§ **INFORMATION SHOWN**
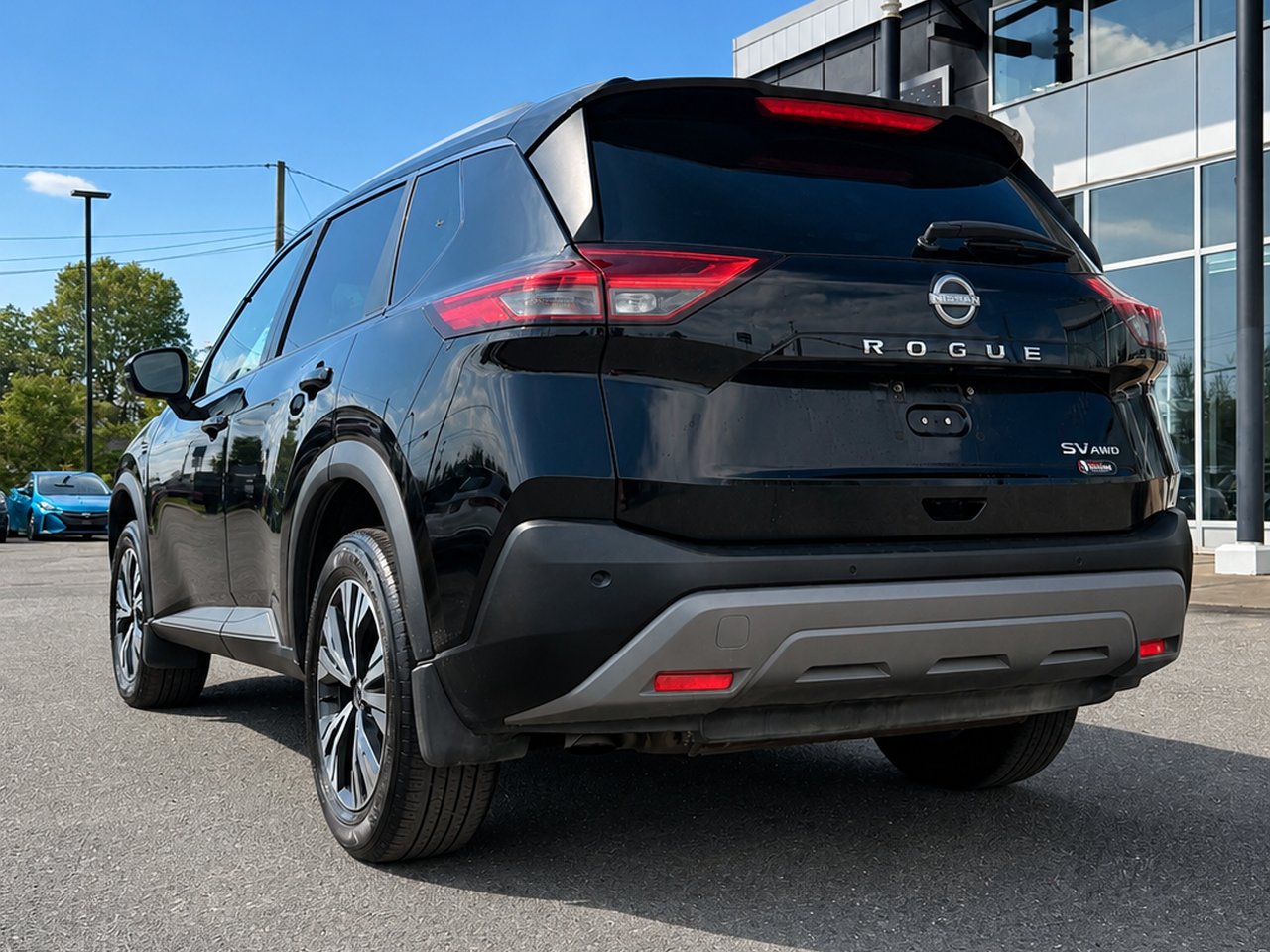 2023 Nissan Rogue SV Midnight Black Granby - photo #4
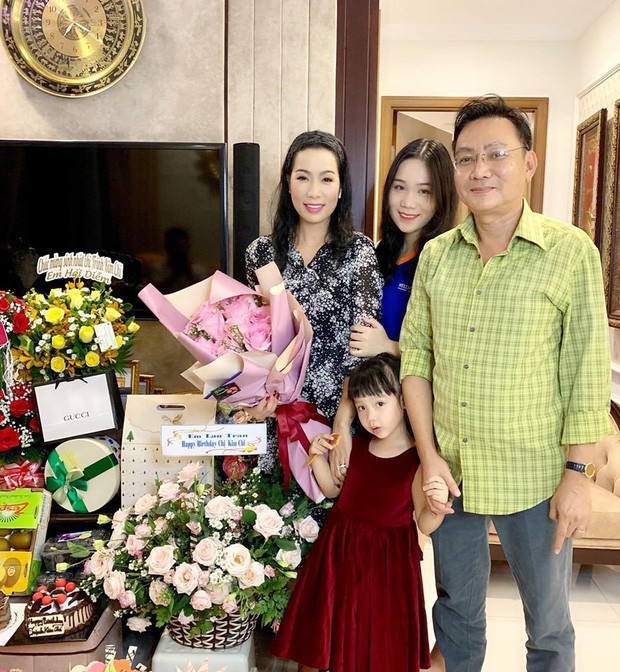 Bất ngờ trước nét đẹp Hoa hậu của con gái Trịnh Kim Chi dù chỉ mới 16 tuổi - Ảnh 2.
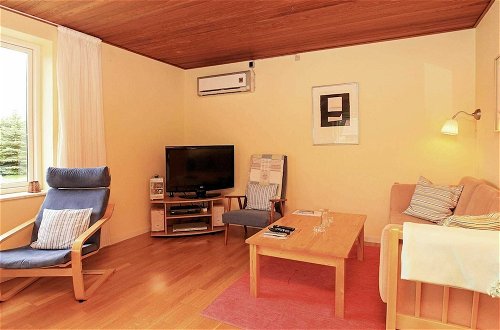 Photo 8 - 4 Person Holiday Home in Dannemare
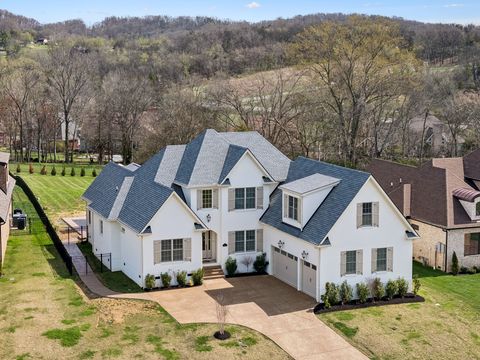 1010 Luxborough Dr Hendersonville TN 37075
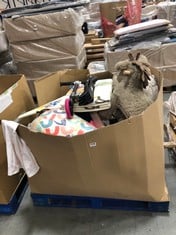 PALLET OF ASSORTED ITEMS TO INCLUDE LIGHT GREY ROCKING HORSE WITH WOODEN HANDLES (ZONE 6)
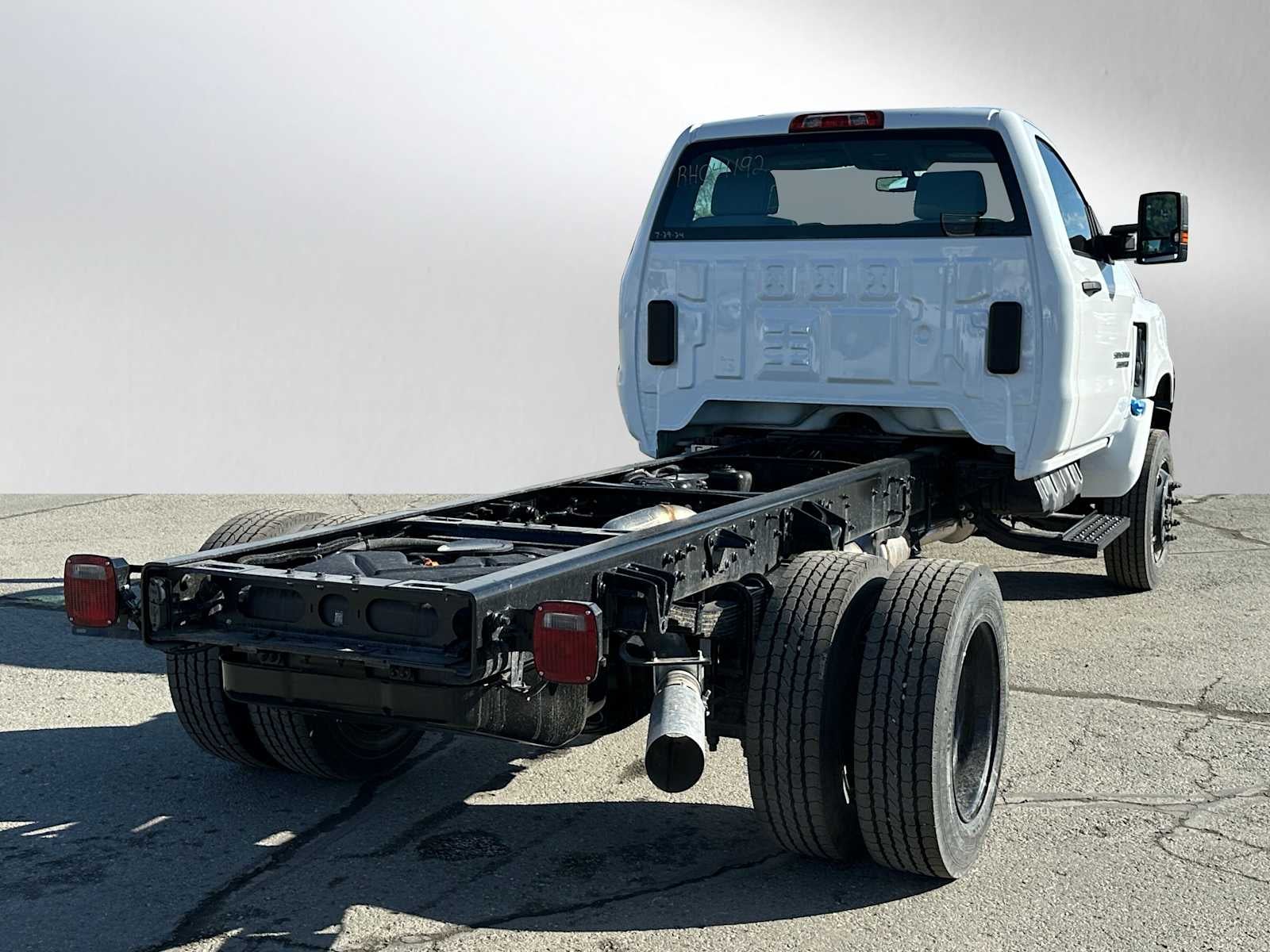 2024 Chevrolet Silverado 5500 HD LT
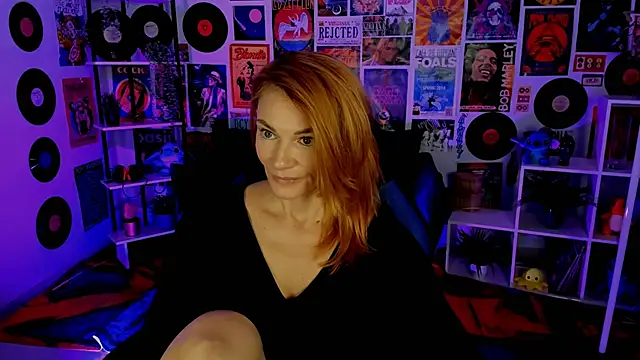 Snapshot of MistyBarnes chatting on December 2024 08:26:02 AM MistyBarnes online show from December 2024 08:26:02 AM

§ **WHAT IS BEING ASKED**
The records above must be printed exactly, but the pictures they hold should be omitted.

§ **EXERCISE OUTPUT**
 2023 Nissan Rogue SV Midnight Black Granby - photo #4
 Bất ngờ trước nét đẹp Hoa hậu của con gái Trịnh Kim Chi dù chỉ mới 16 tuổi - Ảnh 2.
 Photo 8 - 4 Person Holiday Home in Dannemare
 1010 Luxborough Dr Hendersonville TN 37075
 PALLET OF ASSORTED ITEMS TO INCLUDE LIGHT GREY ROCKING HORSE WITH WOODEN HANDLES (ZONE 6)
 2024 Chevrolet Silverado 5500 HD LT
 Snapshot of MistyBarnes chatting on December 2024 08:26:02 AM MistyBarnes online show from December 2024 08:26:02 AM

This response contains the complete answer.